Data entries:
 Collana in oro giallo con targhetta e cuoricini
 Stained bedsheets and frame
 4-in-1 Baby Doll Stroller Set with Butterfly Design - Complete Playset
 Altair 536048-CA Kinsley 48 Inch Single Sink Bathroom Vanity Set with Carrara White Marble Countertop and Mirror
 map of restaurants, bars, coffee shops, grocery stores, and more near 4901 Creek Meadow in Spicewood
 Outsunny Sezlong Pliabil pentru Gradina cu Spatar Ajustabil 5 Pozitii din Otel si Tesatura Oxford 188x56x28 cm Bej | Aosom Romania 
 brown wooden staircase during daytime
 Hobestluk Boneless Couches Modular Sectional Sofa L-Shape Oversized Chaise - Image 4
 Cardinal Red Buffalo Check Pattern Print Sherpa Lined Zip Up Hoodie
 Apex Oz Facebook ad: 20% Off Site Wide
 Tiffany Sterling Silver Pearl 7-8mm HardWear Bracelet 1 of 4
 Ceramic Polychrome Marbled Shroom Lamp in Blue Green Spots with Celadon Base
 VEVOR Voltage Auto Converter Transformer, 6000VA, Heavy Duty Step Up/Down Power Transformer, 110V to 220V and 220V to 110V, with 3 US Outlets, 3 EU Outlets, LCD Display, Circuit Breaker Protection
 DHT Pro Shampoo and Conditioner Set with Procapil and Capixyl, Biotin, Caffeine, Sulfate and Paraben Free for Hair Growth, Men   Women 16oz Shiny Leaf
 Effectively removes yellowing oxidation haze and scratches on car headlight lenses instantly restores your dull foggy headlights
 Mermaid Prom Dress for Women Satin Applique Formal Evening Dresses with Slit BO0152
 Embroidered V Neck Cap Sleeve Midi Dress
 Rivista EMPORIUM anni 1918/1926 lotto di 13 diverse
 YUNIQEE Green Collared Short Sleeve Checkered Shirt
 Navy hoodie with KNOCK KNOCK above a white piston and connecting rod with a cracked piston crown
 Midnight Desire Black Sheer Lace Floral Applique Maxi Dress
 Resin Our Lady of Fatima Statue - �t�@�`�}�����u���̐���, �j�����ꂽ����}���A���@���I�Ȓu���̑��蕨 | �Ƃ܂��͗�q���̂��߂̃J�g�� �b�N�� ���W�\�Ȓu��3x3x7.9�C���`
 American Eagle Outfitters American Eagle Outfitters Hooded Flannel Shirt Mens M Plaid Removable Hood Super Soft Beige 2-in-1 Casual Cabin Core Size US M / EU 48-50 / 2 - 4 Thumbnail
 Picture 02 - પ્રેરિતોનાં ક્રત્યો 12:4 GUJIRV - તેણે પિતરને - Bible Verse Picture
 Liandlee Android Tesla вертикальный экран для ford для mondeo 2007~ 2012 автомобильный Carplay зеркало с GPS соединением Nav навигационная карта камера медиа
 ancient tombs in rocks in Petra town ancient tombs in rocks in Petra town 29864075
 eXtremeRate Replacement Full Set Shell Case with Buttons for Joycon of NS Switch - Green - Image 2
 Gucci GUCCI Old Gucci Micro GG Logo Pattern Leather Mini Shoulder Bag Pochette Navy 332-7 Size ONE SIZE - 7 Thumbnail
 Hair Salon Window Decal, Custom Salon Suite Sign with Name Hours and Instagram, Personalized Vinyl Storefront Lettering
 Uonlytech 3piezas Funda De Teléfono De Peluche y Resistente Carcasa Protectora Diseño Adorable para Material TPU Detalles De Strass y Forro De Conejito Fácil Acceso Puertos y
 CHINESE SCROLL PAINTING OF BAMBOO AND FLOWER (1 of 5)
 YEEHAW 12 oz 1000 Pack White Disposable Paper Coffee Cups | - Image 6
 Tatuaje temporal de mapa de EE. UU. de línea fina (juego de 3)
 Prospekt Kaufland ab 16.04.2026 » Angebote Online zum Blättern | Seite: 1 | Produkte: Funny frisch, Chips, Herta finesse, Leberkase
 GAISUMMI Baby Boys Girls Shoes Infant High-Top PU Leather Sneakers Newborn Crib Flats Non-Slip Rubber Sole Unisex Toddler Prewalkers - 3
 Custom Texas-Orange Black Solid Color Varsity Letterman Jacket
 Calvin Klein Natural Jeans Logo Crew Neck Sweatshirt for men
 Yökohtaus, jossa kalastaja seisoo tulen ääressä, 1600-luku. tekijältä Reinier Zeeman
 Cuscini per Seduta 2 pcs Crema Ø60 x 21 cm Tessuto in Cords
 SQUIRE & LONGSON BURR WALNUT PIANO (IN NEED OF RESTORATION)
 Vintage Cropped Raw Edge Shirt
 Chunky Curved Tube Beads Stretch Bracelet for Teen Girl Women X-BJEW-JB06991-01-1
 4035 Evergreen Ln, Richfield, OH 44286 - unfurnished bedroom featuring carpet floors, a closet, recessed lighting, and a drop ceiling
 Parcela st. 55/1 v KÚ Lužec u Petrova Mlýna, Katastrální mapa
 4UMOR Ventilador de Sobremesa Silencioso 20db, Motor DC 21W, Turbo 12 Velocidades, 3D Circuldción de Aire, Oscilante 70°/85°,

■ **Requirement**
Write out a verbatim copy of the data, beginning with its first line and ending with the line that contains "Altair 536048-CA Kinsley".

■ **Response area**
 Collana in oro giallo con targhetta e cuoricini
 Stained bedsheets and frame
 4-in-1 Baby Doll Stroller Set with Butterfly Design - Complete Playset
 Altair 536048-CA Kinsley 48 Inch Single Sink Bathroom Vanity Set with Carrara White Marble Countertop and Mirror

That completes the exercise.